• _WHAT THE EXERCISE ASKS_
Only one span of the listing below is wanted: the lines from the one with "Imagem de Adesivos" through the one with "Snowman Wonderland | Stud Earrings", reproduced exactly, both ends kept.

• _PROVIDED MATERIAL_
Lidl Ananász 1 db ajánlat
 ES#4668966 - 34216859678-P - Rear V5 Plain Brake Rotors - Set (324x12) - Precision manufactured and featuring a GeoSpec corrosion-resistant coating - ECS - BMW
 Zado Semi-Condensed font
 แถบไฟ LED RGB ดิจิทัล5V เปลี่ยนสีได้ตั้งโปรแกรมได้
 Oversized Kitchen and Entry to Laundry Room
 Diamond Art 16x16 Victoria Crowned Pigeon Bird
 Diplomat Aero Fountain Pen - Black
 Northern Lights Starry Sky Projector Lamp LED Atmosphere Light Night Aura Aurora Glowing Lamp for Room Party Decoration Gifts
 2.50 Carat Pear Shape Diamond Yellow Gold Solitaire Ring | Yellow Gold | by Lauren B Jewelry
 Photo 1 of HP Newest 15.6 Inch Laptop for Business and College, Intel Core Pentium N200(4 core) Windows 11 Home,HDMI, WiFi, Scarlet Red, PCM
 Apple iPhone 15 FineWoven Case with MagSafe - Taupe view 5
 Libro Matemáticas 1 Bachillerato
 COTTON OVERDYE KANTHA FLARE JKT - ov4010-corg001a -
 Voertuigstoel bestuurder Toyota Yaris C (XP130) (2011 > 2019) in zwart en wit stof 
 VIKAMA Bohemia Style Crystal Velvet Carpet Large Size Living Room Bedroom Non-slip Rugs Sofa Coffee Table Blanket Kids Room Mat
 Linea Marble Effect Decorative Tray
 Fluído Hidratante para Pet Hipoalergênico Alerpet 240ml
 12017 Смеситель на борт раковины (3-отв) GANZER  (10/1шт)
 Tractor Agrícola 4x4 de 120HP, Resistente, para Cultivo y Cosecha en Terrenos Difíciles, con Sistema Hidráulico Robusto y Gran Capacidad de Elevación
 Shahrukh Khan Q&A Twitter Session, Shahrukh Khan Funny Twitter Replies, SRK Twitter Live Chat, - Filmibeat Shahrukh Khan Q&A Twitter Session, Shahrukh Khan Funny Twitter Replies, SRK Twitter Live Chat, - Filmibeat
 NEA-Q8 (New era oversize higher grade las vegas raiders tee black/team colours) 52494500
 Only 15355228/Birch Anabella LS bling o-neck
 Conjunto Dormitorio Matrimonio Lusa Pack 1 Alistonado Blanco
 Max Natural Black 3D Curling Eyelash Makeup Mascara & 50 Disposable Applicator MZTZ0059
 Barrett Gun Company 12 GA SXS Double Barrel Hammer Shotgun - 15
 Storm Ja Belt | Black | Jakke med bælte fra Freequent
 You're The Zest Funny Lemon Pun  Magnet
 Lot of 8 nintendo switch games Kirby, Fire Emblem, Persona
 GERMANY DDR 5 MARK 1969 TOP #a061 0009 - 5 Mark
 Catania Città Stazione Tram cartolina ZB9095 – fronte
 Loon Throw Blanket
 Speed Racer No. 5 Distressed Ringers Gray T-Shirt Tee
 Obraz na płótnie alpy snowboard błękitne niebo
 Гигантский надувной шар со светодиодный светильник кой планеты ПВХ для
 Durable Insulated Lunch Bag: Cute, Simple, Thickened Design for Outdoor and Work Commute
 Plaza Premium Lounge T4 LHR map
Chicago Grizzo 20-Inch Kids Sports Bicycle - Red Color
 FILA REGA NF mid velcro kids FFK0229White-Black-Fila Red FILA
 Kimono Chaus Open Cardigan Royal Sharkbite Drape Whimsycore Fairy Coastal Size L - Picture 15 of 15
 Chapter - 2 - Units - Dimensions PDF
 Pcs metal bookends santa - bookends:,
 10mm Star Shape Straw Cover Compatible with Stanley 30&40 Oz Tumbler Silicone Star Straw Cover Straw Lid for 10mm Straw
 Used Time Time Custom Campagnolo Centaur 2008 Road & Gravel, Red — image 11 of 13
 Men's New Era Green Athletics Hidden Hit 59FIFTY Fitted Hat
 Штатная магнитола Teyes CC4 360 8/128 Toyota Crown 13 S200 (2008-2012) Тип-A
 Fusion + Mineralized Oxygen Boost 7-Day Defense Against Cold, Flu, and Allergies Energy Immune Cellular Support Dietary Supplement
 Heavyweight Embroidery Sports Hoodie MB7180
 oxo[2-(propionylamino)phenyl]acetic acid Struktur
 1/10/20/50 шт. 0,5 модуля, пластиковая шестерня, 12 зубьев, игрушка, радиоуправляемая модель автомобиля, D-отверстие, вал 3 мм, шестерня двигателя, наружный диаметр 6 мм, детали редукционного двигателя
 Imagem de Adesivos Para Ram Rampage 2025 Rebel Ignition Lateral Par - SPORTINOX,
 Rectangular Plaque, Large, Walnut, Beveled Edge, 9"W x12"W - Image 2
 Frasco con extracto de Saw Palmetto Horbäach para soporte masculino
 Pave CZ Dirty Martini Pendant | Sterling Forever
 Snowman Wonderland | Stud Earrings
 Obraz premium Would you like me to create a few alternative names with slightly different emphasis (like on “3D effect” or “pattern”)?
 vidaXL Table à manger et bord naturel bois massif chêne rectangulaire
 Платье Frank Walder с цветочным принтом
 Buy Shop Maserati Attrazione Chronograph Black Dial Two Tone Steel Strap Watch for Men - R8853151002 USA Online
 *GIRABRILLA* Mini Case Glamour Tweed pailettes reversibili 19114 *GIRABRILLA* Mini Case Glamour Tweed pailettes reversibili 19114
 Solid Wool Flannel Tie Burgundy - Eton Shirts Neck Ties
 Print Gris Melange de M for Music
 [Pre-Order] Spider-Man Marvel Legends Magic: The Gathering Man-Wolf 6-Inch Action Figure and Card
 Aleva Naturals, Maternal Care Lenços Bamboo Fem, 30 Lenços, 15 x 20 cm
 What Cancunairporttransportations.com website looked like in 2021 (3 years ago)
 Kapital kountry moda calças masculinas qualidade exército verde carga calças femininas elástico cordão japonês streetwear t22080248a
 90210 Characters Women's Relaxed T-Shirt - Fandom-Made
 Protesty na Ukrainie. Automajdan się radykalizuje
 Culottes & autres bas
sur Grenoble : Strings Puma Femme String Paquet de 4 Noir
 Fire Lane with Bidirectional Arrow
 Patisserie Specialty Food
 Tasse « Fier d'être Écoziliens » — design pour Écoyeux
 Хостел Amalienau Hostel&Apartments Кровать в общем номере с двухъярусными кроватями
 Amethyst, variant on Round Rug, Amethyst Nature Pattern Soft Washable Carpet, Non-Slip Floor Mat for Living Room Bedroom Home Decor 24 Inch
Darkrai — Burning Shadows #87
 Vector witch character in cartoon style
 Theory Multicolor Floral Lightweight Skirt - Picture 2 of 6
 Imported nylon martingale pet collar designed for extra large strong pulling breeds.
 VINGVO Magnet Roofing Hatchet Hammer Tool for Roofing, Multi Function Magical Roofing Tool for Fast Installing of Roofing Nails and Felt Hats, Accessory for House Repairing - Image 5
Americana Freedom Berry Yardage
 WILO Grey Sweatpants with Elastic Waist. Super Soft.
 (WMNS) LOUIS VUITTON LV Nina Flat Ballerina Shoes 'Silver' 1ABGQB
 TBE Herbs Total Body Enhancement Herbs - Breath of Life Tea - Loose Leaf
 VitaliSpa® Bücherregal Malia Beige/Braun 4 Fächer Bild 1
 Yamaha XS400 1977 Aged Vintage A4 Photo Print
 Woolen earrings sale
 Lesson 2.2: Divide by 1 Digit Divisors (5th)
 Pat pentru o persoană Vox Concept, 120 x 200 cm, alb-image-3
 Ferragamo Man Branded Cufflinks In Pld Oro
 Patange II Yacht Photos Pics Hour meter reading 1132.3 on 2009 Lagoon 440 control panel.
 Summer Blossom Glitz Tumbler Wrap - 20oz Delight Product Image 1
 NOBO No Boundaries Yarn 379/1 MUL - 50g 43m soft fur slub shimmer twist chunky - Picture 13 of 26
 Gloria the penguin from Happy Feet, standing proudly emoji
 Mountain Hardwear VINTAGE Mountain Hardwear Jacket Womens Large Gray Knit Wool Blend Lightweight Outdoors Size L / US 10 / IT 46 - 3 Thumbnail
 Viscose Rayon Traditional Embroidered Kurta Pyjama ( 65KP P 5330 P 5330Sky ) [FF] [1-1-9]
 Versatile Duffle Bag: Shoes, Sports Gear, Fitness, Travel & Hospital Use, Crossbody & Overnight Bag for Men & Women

• _RESULT_
 Imagem de Adesivos Para Ram Rampage 2025 Rebel Ignition Lateral Par - SPORTINOX,
 Rectangular Plaque, Large, Walnut, Beveled Edge, 9"W x12"W - Image 2
 Frasco con extracto de Saw Palmetto Horbäach para soporte masculino
 Pave CZ Dirty Martini Pendant | Sterling Forever
 Snowman Wonderland | Stud Earrings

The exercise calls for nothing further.